In its report, the U.S. DOE said a majority of grant winners had the most difficulty in two areas: implementing the new teacher-and-principal evaluation systems and launching sophisticated data systems capable of identifying students at risk of academic failure.
“This is really hard work, and there will always be bumps in the road,” U.S. Education Secretary Arne Duncan said in a conference call with reporters.
In Georgia’s case, federal officials said the state has strayed too far from its original plan to move from a system that rates all teachers as satisfactory or unsatisfactory to one that identifies top, low and average performers and is based on classroom observations, student growth, a reduction in the student achievement gap and student changes.
The Year 2 report found that Georgia is behind schedule on some projects and has made changes to the evaluation system without knowing what’s working.
The new teacher-and-principal evaluations are slated to roll out statewide in 2014-2015.
The evaluation systems are being piloted in 50 school districts — including Gwinnett, Clayton, DeKalb and 23 other districts that partnered with the state on its Race to the Top grant application in exchange for a $200 million share of the $400 million.
The current pilots started before the state had results on a shorter pilot that ran from January to May of last year, involving about 5,800 teachers.

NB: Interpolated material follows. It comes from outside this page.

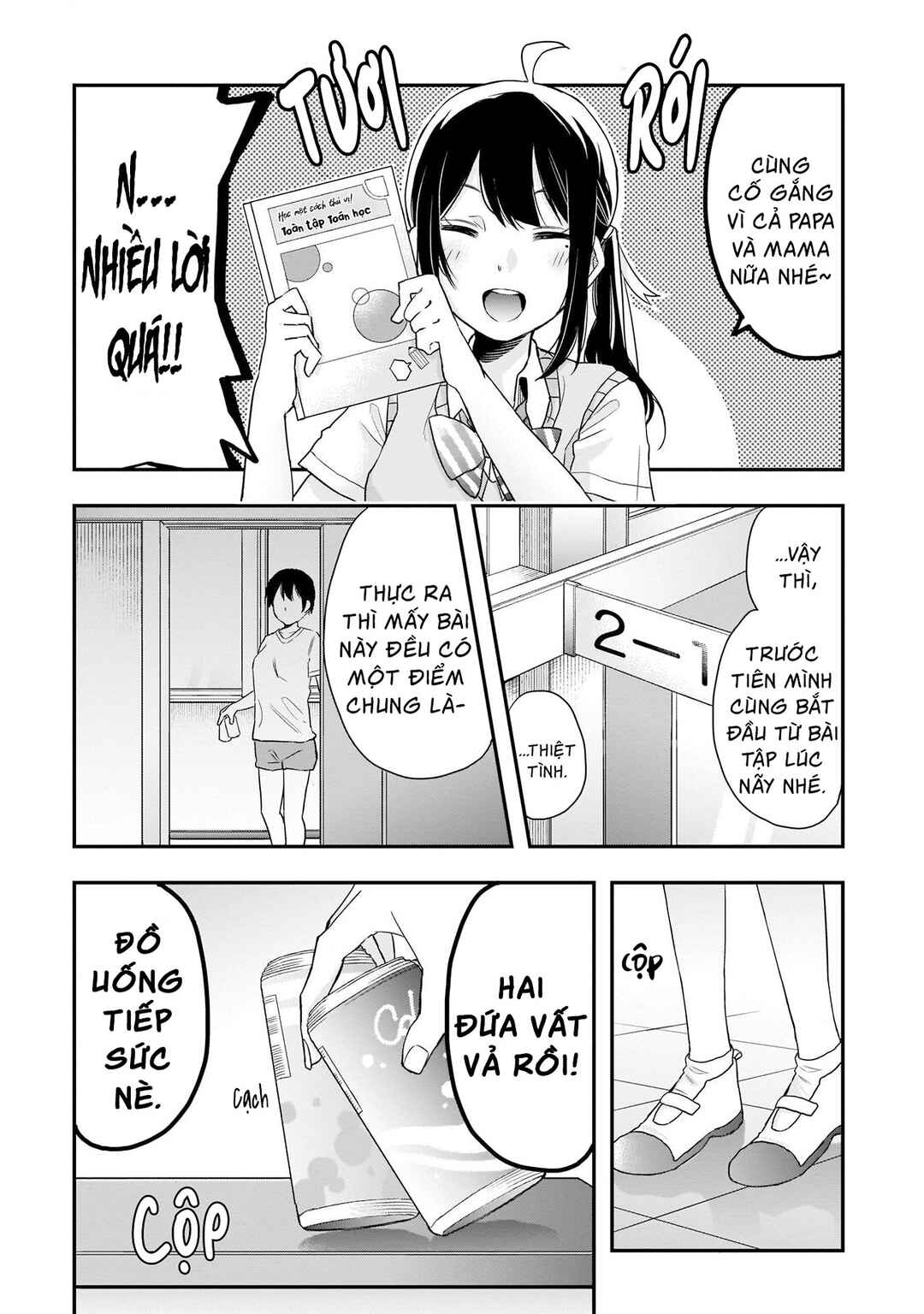 Chapter 8 - Page 16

In December, state officials acknowledged that the results of that pilot “skewed to the positive,” with initial data showing less than 1 percent of teachers were classified as ineffective and one in five got the top rating of exemplary.
Tim Callahan, spokesman for the Professional Association of Georgia Educators, said Friday his group wants state officials to “take the time to listen to feedback from educators, make the mid-course adjustments that are warranted, and constantly communicate with all stakeholders.”
“If the timetable to accomplish that raises concerns from the U.S. DOE, so be it,” he said.
The new federal report shows Maryland also struggling to implement its teacher evaluation system, while the District of Columbia was flagged for being slow on its school turnaround initiatives.